Dr. Gary Gray

Professor of Chemistry

Dr. Robert Moore

Associate Professor of Chemistry

Dr. Adam Reinhart

Professor of Chemistry and Biology


The Welch Departmental Grant continues to shape and positively influence the chemistry program at Wayland Baptist University in long-lasting ways. The benefits to the university as a whole continue to be evident, catalyzing on-going interests in research across multiple disciplines. Students involved in our Welch-funded research again had multiple opportunities to present posters and oral presentations of their work at local, regional and national meetings. Welch-funded research in chemistry continues to shape and direct the interests of our students, leading them to pursue graduate degrees in or related to chemistry. Recent program participants are in or have recently completed Ph.D. chemistry programs (Texas A&M, Auburn). Others are currently enrolled in medical school (Texas Tech), pharmacy school and biomedical graduate programs. Research and public presentation experiences garnered through the Welch-funded research continue to be invaluable preparation for our students, helping to insure their success in post-graduate programs. The university continued to support our undergraduate research programs during 2015-2016 with undergraduate research tuition credit, additional research supplies funding, and significant funding for students to travel to conference presentations.

Meet our summer 2016 Welch researchers.


Jake Brozek, Dr. Gary Gray & Dr. Adam Reinhart

Main Objective: To evaluate the cellular pathways by which molecules extracted from horsetail and elecampane kill breast cancer cell lines.

Results: Cancer can occur when the cellular pathways in a cell which normally tightly regulate cellular division are mutated and no longer function. In the course of this study, we assessed the activity levels of 8 different proteins in the cell which regulate the cell's ability to kill itself in a process called apoptosis. Most cancer cells have developed ways to bypass this normal cellular process and continue to divide despite cellular damage that would ordinarily cause a cell to die through apoptosis.

This past summer, we investigated horsetail and chaga mushroom extracts for their ability to activate apoptotic pathways in breast cancer cells. We found that horsetail does not activate proteins associated with apoptosis, while chaga mushroom does. Specifically, we found that chaga extract activates caspases 3 and 8, and cleaves a protein called Poly (ADP-ribose) polymerase, which inactivates it. Taken together, these results strongly suggest that extracts prepared from chaga mushrooms trigger apoptosis in the strain of breast cancer cells we are studying.

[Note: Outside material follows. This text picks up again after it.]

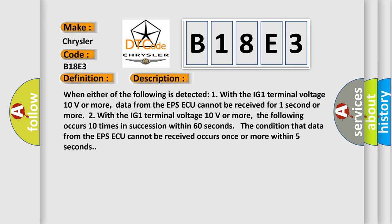When either of the following is detected: One, with the IG1 terminal voltage 10 volts or more, data from the EPSAQ cannot be received for one second or more. Two, with the IG1 terminal voltage 10 volts or more, the following occurs 10 times in succession within 60 seconds. The condition that data from the EPSAQ cannot be received occurs once or more within five seconds.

Mason Taylor Welch research


Mason Taylor, Dr. Robert Moore

Main Objective: Investigate the interaction between RecA and the isoniazid-resistance prone site on the Mycobacteriaum tuberculosis katG gene.

Results: Drug-resistance in tuberculosis is a major hindrance to the goal of controlling and eradicating tuberculosis. The vast majority of resistance-inducing mutations are single nucleotide polymorphisms arising from DNA mismatches during repair or replication. The organism Mycobacterium tuberculosis has no known mismatch repair mechanism, but uses the enzyme RecA to repair damaged DNA. Our lab previously demonstrated the RecA exhibits sequence specificity to single-stranded DNA that is not GC-content dependent. This summer, we looked more closely at a region on the katG gene that leads to isoniazid resistance. We observed that RecA exhibits weakest affinity for the regions immediately prior to and including the sequence where mutation leads to resistance. Other research has shown that RecA is also directed to bind to mismatches on double-stranded DNA that have low thermostability. The resistance-causing mutation, in this case, would come from C-C mismatch flanked upstream by a G-C base pair, thus being fairly thermostable. As such, both single-stranded and double-stranded RecA-DNA affinity studies concur that the properties of RecA would tend to permit this mismatch if it arose during RecA repair of damaged DNA.

Mason Taylor Welch research


Ethan Nicholson, Dr. Robert Moore

Main Objective: Develop cost-efficient protocol for rapid PDMS-microfluidic prototyping.

Results: Various combinations of imprinting and bonding methods were evaluated for effectiveness in creating uniform channels in polydimethyl siloxane (PDMS) microfluidic devices. Imprinting methods included embedding magnesium strips or metal amalgam wires into the PDMS followed by acid dissolution or creating molds with various types of adhesive tapes. Bonding methods included adhering fully-cured imprinted PDMS to non-imprinted partially-cured PDMS. While limited success was to be found with each combination, metal embedding was quickly ruled out based on incomplete dissolution or highly irregular channels, and creating molds with electrical tape and bonding partially-cured PDMS to partially-cured PDMS yielded to best results. The protocol will continue to be refined to improved the uniformity and openness of the channels, and the integrity of the fabricated devices will be determined by measuring the pressures and flow rates that can be tolerated. Once optimized, devices could be fabricated to greatly diminish the resources needed for microbiological experimentation, medical diagnostics, and fluid dynamic studies, to name just a few applications.